MLCE-166: Add support for extracting indices in NEPoolingLayer 2x2 NHWC

     * Added support for pooling indices in NHWC Poolsize 2x2

Change-Id: Ib2a3468e794f58bbf2c03aba9f6b184b9d76b183
Signed-off-by: morgolock <pablo.tello@arm.com>
Reviewed-on: https://review.mlplatform.org/c/ml/ComputeLibrary/+/2997
Tested-by: Arm Jenkins <bsgcomp@arm.com>
Reviewed-by: Manuel Bottini <manuel.bottini@arm.com>
Reviewed-by: Michele Di Giorgio <michele.digiorgio@arm.com>
Comments-Addressed: Arm Jenkins <bsgcomp@arm.com>
diff --git a/src/core/NEON/kernels/NEPoolingLayerKernel.cpp b/src/core/NEON/kernels/NEPoolingLayerKernel.cpp
index fdbba81..6d61f51 100644
--- a/src/core/NEON/kernels/NEPoolingLayerKernel.cpp
+++ b/src/core/NEON/kernels/NEPoolingLayerKernel.cpp
@@ -156,7 +156,7 @@
         if(indices)
         {
             ARM_COMPUTE_RETURN_ERROR_ON_MSG((pool_size != Size2D(2, 2)), "Pooling indices only supported for pool size 2x2");
-            ARM_COMPUTE_RETURN_ERROR_ON_MSG(input->data_layout() == DataLayout::NHWC, "Pool indices only supported in NCHW");
+
             ARM_COMPUTE_RETURN_ERROR_ON((indices->dimension(get_data_layout_dimension_index(indices->data_layout(), DataLayoutDimension::WIDTH)) != pooled_w)

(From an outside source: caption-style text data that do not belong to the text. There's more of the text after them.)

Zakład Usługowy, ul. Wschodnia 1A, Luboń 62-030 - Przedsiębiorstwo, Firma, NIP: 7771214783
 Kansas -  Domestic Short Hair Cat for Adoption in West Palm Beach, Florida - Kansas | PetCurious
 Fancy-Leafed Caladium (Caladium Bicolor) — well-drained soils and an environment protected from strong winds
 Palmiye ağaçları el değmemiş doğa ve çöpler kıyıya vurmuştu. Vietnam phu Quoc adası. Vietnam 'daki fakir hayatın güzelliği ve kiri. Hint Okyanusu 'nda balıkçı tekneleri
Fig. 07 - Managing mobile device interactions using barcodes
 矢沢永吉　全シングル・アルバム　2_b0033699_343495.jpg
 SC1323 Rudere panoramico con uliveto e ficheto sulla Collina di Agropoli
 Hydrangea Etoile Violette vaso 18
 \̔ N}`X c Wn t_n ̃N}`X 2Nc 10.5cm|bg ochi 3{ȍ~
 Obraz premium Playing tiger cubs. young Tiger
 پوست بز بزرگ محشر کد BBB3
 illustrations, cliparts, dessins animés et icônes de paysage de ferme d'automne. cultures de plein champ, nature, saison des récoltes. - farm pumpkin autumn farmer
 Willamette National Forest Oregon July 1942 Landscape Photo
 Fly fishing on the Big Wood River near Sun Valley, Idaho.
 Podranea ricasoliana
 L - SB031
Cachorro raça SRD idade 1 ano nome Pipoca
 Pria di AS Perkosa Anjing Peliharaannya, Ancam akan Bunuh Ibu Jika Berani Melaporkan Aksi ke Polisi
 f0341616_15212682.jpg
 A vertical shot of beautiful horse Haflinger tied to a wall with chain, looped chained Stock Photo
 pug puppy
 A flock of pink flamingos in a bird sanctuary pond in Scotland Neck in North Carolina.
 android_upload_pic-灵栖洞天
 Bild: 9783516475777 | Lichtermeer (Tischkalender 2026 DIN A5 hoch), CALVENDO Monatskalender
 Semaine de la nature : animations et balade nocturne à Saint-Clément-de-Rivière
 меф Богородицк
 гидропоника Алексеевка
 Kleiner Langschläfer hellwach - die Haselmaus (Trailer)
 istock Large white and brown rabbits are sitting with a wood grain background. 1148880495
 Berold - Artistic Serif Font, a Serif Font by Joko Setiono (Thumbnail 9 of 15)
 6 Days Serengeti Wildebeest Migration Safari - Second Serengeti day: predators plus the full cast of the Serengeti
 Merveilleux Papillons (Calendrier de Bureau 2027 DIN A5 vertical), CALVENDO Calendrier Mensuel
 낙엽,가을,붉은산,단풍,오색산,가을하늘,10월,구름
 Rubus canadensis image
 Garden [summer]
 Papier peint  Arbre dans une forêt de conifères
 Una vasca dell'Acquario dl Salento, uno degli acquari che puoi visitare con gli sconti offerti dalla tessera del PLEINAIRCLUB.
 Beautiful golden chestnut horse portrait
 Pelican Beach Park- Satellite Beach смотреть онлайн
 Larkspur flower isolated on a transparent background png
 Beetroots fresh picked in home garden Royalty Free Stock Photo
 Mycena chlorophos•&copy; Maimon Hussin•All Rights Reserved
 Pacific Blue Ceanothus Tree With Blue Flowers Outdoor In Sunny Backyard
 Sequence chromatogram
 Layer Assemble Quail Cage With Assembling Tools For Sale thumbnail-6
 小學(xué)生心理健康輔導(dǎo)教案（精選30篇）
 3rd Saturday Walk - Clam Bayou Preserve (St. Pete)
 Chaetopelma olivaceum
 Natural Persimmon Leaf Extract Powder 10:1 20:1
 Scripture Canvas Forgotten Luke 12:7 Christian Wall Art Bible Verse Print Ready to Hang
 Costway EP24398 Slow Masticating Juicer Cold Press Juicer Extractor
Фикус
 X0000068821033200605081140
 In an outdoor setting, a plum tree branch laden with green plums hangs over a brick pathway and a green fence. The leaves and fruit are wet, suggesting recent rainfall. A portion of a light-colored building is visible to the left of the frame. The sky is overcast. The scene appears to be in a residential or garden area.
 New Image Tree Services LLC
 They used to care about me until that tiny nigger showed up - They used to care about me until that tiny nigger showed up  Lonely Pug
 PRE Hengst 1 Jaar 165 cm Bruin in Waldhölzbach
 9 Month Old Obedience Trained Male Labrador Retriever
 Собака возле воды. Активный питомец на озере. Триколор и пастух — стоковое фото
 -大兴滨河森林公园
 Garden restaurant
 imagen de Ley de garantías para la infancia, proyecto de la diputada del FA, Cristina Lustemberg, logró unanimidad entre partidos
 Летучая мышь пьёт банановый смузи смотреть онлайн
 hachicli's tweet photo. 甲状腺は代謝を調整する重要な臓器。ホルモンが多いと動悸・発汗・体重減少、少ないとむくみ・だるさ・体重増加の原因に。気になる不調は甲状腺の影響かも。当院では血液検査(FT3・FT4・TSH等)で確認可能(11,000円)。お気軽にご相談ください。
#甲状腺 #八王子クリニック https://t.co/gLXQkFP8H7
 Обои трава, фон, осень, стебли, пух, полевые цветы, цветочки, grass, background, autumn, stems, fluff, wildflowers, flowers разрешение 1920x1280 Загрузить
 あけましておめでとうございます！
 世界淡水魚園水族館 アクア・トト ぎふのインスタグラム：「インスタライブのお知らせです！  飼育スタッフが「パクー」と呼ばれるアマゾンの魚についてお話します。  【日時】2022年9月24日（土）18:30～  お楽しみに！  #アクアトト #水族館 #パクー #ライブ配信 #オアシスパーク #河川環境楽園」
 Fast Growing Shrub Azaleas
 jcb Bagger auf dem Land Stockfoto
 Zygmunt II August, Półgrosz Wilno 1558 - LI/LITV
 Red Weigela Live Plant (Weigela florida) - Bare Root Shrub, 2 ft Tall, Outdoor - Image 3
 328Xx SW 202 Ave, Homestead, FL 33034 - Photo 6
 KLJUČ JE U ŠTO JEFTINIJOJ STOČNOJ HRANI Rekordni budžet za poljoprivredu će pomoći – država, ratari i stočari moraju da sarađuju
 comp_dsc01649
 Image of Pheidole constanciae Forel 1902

                                         || (indices->dimension(get_data_layout_dimension_index(indices->data_layout(), DataLayoutDimension::HEIGHT)) != pooled_h));
         }
@@ -183,7 +183,9 @@
     if(indices)
     {
         // Indices auto inizialitation if not yet initialized
-        auto_init_if_empty(*indices, (input->clone()->set_tensor_shape(compute_pool_shape(*input, pool_info))).set_data_type(DataType::U32) /* we store the offset to the element */);
+        auto_init_if_empty(*indices, (input->clone()->set_tensor_shape(compute_pool_shape(*input,
+                                                                                          pool_info)))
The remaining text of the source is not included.